Application: the co-structure of plant-lepidopteran networks

Data set. In this study, we used two large bipartite networks of interactions between Lepidoptera and plant species from the state of Baden-Württemberg (Germany). The dataset has been compiled and studied by F. Altermatt and I. Pearse5,37,39,58. Lepidoptera species represented >90% of all resident Macrolepidoptera species that have ever been recorded in the Baden-Württemberg state55. Information on plant species with which Lepidoptera species interact was obtained from published work55. We considered all terrestrial vascular plant species found in Baden-Württemberg as potential hosts, based on the published plant database http://www.floraweb.de/ 58.

The dataset used herein is based on an extensive compilation of semi-quantitative estimates of plant-insect interactions, which were assembled by hundreds of entomologists in Baden-Württemberg (for details see Ebert59). The data set is based on in total of 2,149 million adult individuals (nectaring visits) and 2,342 million larval individuals (herbivory records) recorded for all these Lepidoptera species (excerpt of the database of Ebert59,60; see also Altermatt & Pearse5). Thereby, it may be one of the most complete plant-insect interaction datasets. Information on the magnitude/abundance of an interaction is on an ordinal scale, and the dataset is especially complete for rare species, given that those have often received disproportionate attention by entomologists. Thus, rarity of a species does not drive a species degree distribution, but the degree distribution is especially well resolved for rare species (for details see also5,37,39,58). Furthermore, the use of host plants is especially well resolved for specialist species, while the interactions for the trophically most generalist species are not completely covered. The dataset is highly robust to rarefaction/subsampling. For example, Pearse & Altermatt37 showed that the removal of up to 80% of the observed interactions does only marginally reduce the predictability of novel host plants uses.

The herbivory network depicts interactions between caterpillars and the plant species they feed on (antagonistic interactions). The visitation network depicts Lepidoptera species visiting plants to feed on nectar and potentially pollinate them (mutualistic interactions). Since our objective is to describe similarity among modules of the herbivory and visitation networks, we include all Lepidoptera and plant species in the two networks (e.g. Lepidoptera species interacting with some plants in the herbivory network but with no plant in the visitation network were included as species with zero degree in the visitation network). Among species with no interaction in the visitation network were some lepidopterans that do not have a functional proboscis, and thus only interact as herbivores with host plants.
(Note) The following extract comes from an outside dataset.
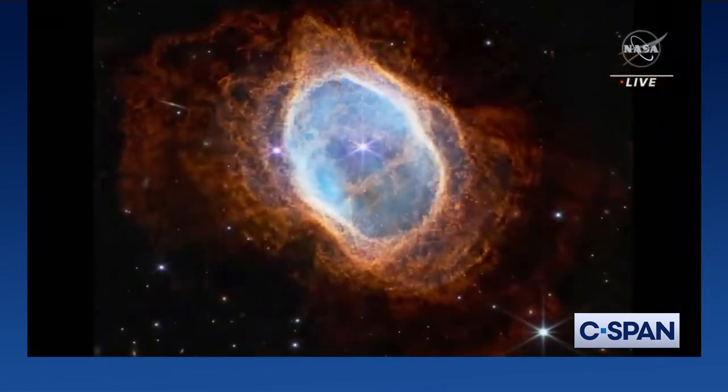Now, we are ready to see Webb's first image of a star dying — a planetary nebula called the Southern Ring. Let's do it.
A lack of a larval interaction is due to missing observations, or (for a few cases) interactions with non-vascular plants only as larval host plants.
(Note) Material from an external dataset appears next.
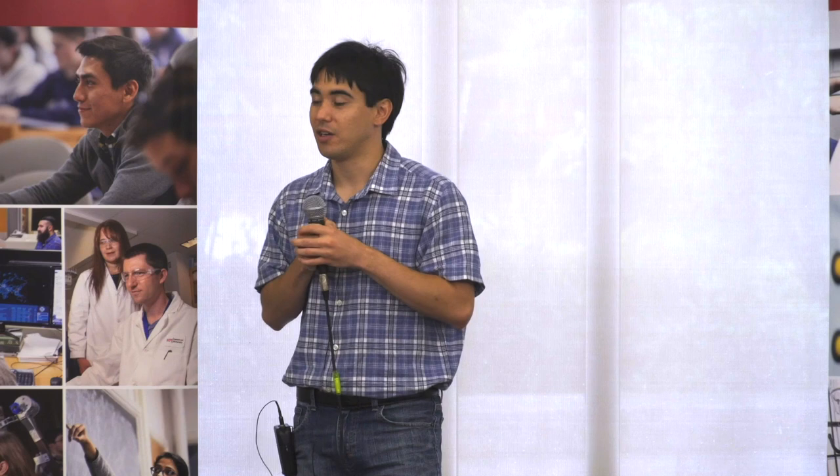The frightening truth right now though is that globally pollinators are in decline. We're losing pollinators at an alarming rate and we don't exactly know why. There are a lot of different factors that potentially cause their decline, and the decline of one in particular I'm interested in: the bumblebee.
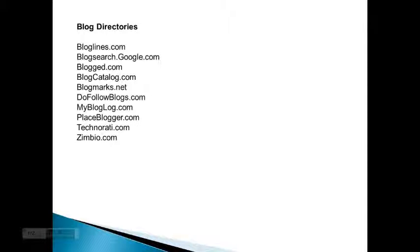For blog directories, you can use bloglines.com, blogsearch.google.com, blogged.com, blogcatalog.com, blogbarks.net, dofollowblogs.com, mybloglog.com, placeblogger.com, technorati.com, and zimbio.com.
Interaction networks describe 11,533 interactions among 972 Lepidoptera species (from 25 families) and 1,123 plant species (from 103 families). Of those, 5,219 comprise interactions of caterpillars and their host plants and 6,314 comprise interactions with adult lepidopterans and nectar source plants. Network connectance was calculated as \(C=\frac{L}{AP}\), with L being the number of interactions and A and P the number of animal (Lepidoptera) and plant species, respectively, and was higher in the visitation than in the herbivory network (C V  = 0.006, C H  = 0.005).
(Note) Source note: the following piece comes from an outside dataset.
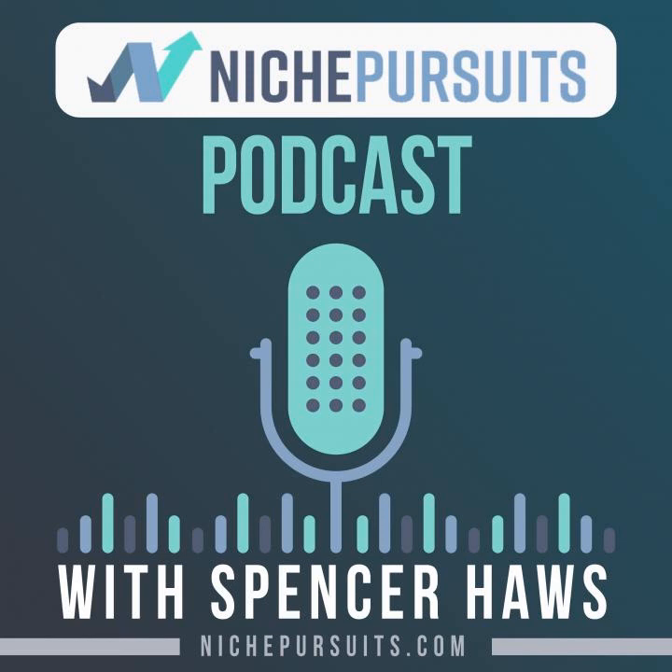Thank you once again for listening to the Niche Pursuits podcast. As a reminder, this episode has been sponsored by Ezoic. Ezoic is a Google award-winning technology that everyone from niche website owners to major brands use to grow and monetize their websites. Ezoic is a Google certified publishing partner — a platform that leverages artificial intelligence to help you optimize revenue and monetization on a per visitor basis. If you want to check out Ezoic, go to nichepursuits.com/ezoic. Again, that's nichepursuits.com/ezoic. Thanks a lot.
The modular structure of the herbivory and the visitation networks was estimated by maximizing modularity i.e. partitions of the original graph were allowed only if they increased modularity45. The modular structure after each partition was characterized by calculating the leading non-negative eigenvector of the modularity matrix of the graph45. We used the package ‘igraph’ under R. After identifying module composition in both networks, we obtained the normalized mutual information (I) as described above (see Appendix S1, Supplementary information).

Data availability statement

R scripts and data are available as online supplementary information.